2. Preference segments analysis: Consumer segments are created by assigning respondents to emergent concept clusters based on their choice patterns. The pre- and post-exercise survey responses are then analyzed by preference segment to either (a) prioritize the Top Concepts or (b) uncover multi-concept segmentation schemes.
3. Element/variant analysis: The concept clusters and consumer choice data are analyzed to determine the relative importance of concept elements (choice drivers) and the strength of alternative variants for each Top Concept.”

I assume that the scoring takes place over a period of time, and all that their software does is to redesign the options presented to each new scorer, based on the survival of options from the previous sets, with some randomness.

Its difficult to know where to start in criticising this idea:

1. so much depends on who sees the options first, since their choices determine the next generation, and so on. Seems to me its not really 750 people, its 7.5 people 100 times over. The system actually guarantees a very small sample size, particularly if you want to talk about segmenting the results.

2. as any colour theorist will telll you, colours scarcely exist on their own: its only in combination with other colours that they take on life. So a tendency toward a certain colo(u)r is highly misleading. I suspect the same applies to other design elements: you need a holistic approach. (“they dont like red, so lets try blue – no? green – ah, yes, they like that”). But what if they only like red if its in a sans-serif typeface? and you tried it with a serif font?
3. I also think theres a fundamental flaw in this whole focus group approach: sometimes people respond best to something new that catches their imagination. (eg the Cadbury drumming gorilla advert. No focus group choosing between Times Roman and Helvetica would have got to that!)
4. also, the notion that typefaces or colours can evolve is a difficult one.

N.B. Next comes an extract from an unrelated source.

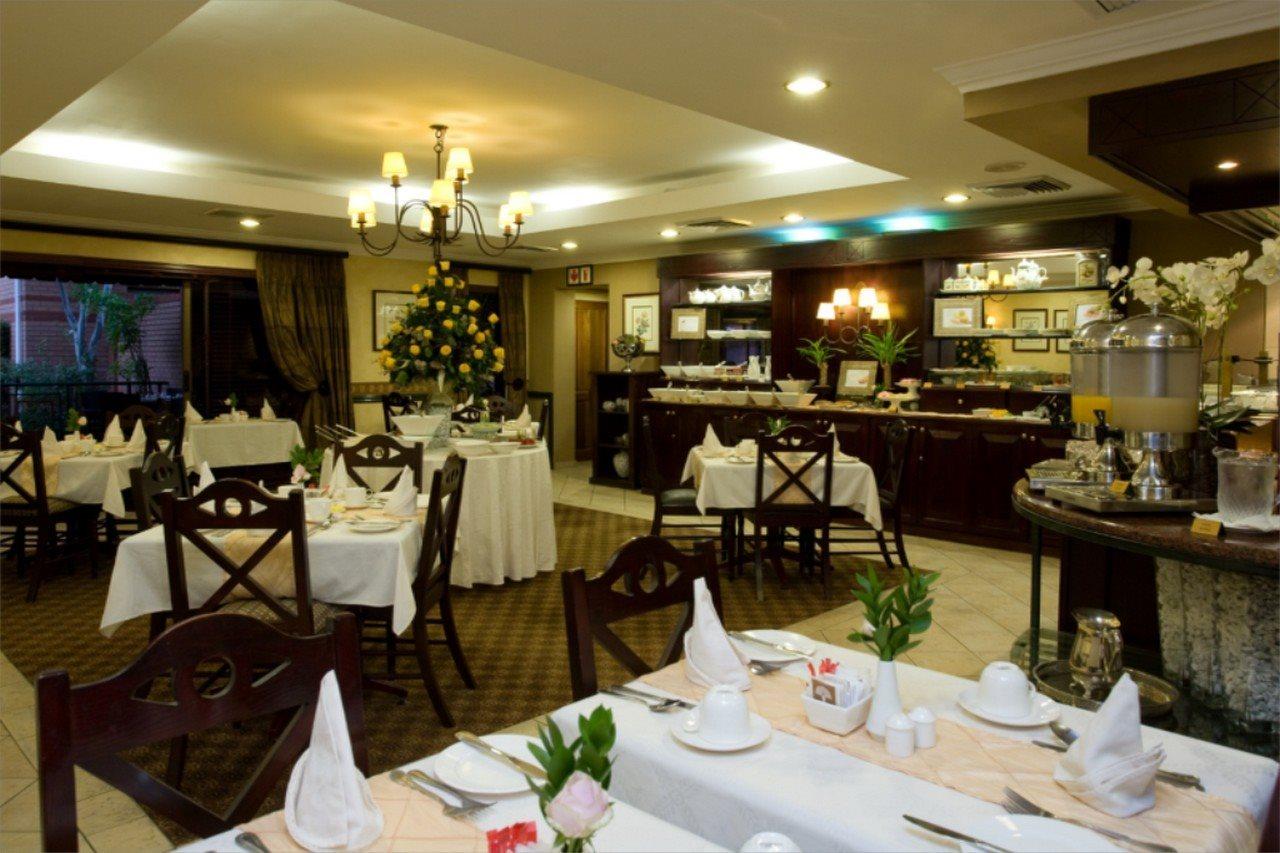 Courtyard Hotel Rosebank Johannesburg Exterior photo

People can evolve and adapt, yes, by developing new skills or abilities. But colours dont change: this is only about our preferences. The design does not evolve – it cant, it just changes. Evolution works by measuring fitness, not attitudes. (Prehistoric man did not become modern man by having people comment on his looks. He did it by becoming smarter. But one design is not inherently better than another. Some people may like it more than another, but thats a different thing.) And of course evolution is a continuous process, redefining its standards as it goes. (The best ape can climb to the tastiest bananas; the best man can define and popularise a share price option valuation equation that buys him the best caviar.) Whereas Affinovas final evolved packaging design would be judged by exactly the same standards as the first one they tried. (ie its possibly a better way for the ape to climb the tree).

Perhaps the geeky software should be compared to the systems by which Amazon rates books or Google rates websites: a collective intelligence rating. But these only really work when you have thousands or even millions of results, and can genuinely segment them. Even then, the evidence probably suggests that memes and fashions change quickly over time, which may be OK for a dynamic rating system such as Googles page ranking, which changes ranks regularly and often, but is less useful for a packaging/ brand designer who wants to put something on the shelves for the next few years.

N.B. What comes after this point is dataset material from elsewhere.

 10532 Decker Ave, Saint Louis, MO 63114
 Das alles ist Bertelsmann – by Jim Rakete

The basic idea, though, claims to be another one: that an evolutionary algorithm can scientifically develop a design by randomly varying its component parts, and then gradually selecting the best (ie the most popular.)

Looks to me as if they read Segarans brilliant Collective Intelligence and liked all the algorithms so much they decided to stuff them all into one piece of software, without considering the underlying purpose and activity of each one.

What it does do, however, is to sound convincing and scientific – which sells the software. There is a marketing lesson here: (perhaps just not the one Business Week think): long words sell.

The real evolutionary test will come when the market buys or does not buy the product.